This is how IT procurement decisions should be made. We should be looking at the long term gains or losses on these machines. We should be looking at the tax write offs for capital gains. We should be looking at the short term and long term and the human intervention cost. But in reality, this is how IT decisions are made. They're made by marketing. They're made by sales, or they're made by lies, and notice the asterisk up there, where ... Right?

Number three. Unused "zombie" servers. One of the byproducts of that over-provisioning is this collection of servers that run at very minimal if not zero capacity. Sometimes these servers are running no applications and just consuming power.

The NRDC has this really, really cool statistic. I'm not a person to put a lot of words on a slide, but it's so good I want to read it to you. "An estimated 20-30% of servers in wholesale data centers are idle, obsolete, or unused but are still plugged in and consuming energy doing nothing." A third of servers in wholesale data centers are sitting there doing nothing.

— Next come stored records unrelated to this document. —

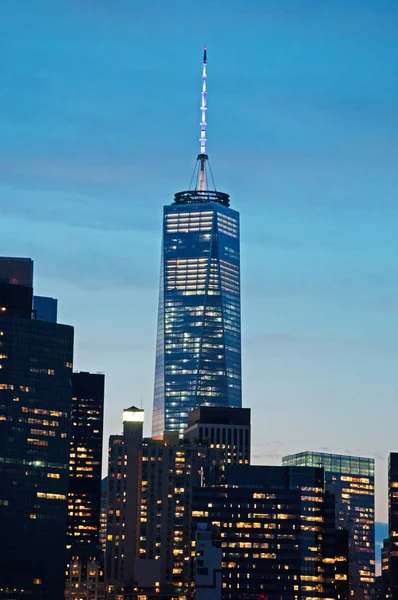 New York City, Amerika Birleşik Devletleri: kentin ikonik gece manzarası manzaralı bir Dünya Ticaret Merkezi (Özgürlük Kulesi), Dünya Ticaret Merkezi'nin yeniden ana binadan 11 Eylül 2001 deki terörist saldırılar içinde yok.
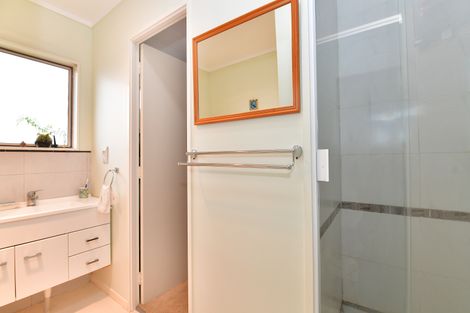 Photo of property in 14 Nickell Place, Orewa, 0931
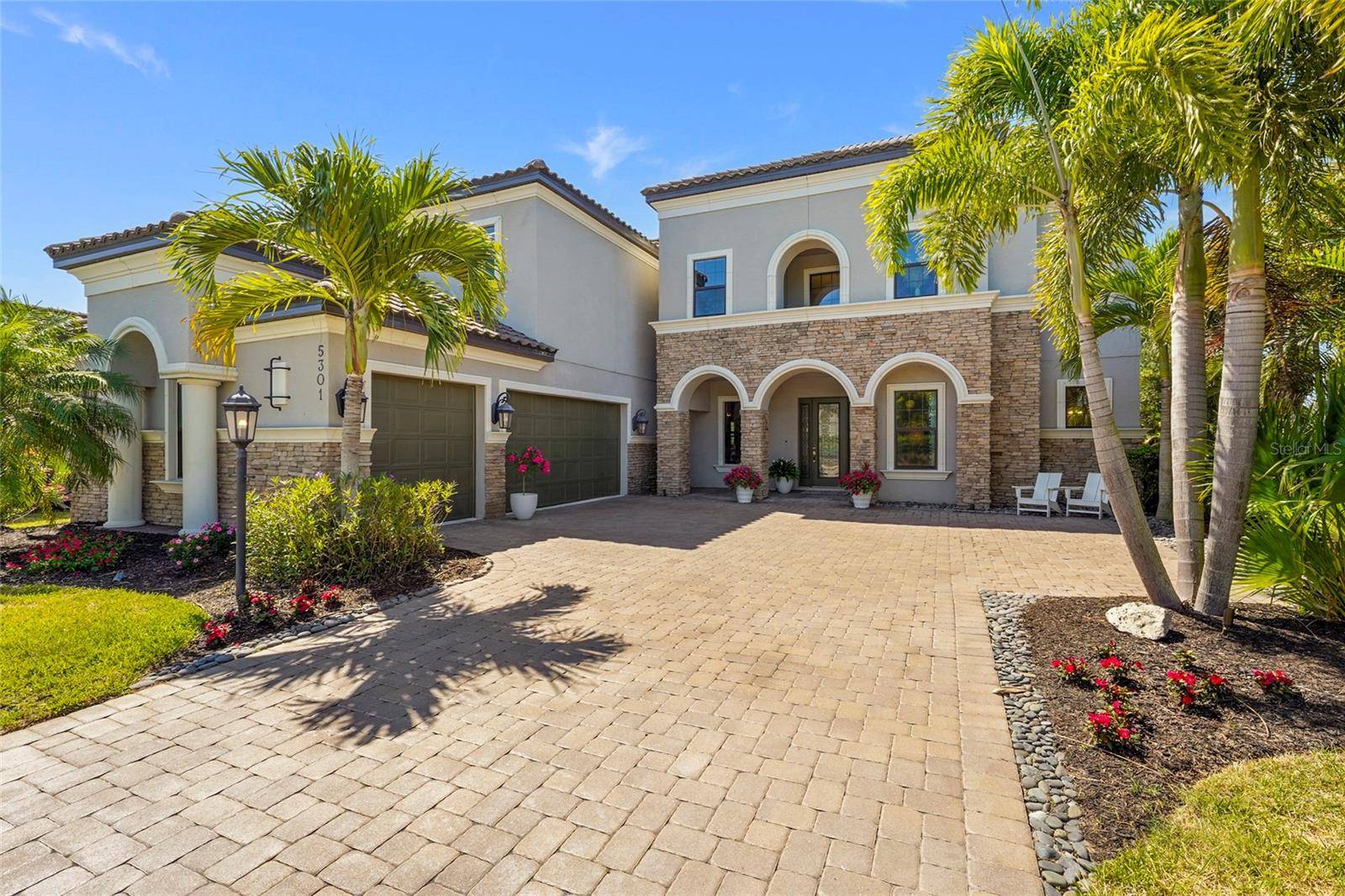 5301 GREENBROOK DR, Sarasota, FL 34238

Well, the solution should be obvious, right? Speaker 2: Just unplug the goddamn thing. Seth Vargo: They go on to say the most interesting paragraph I have ever read in my life, which is that IT managers cannot identify owners for about a third of those servers, so they are reluctant to decommission that equipment because they don't know the business impact. They do not know what will happen if they unplug that machine.

This was such a big deal that the NRDC, along with a couple other environmental and ecological-friendly nonprofits, funded a competition in 2012 known as the Server Roundup. You're thinking this is a joke; it's really not. During that competition, companies were pinned against each other to see who could decommission the most number of servers that were unused, increase utilization and decrease power consumption, and there was a monetary prize for the top winners.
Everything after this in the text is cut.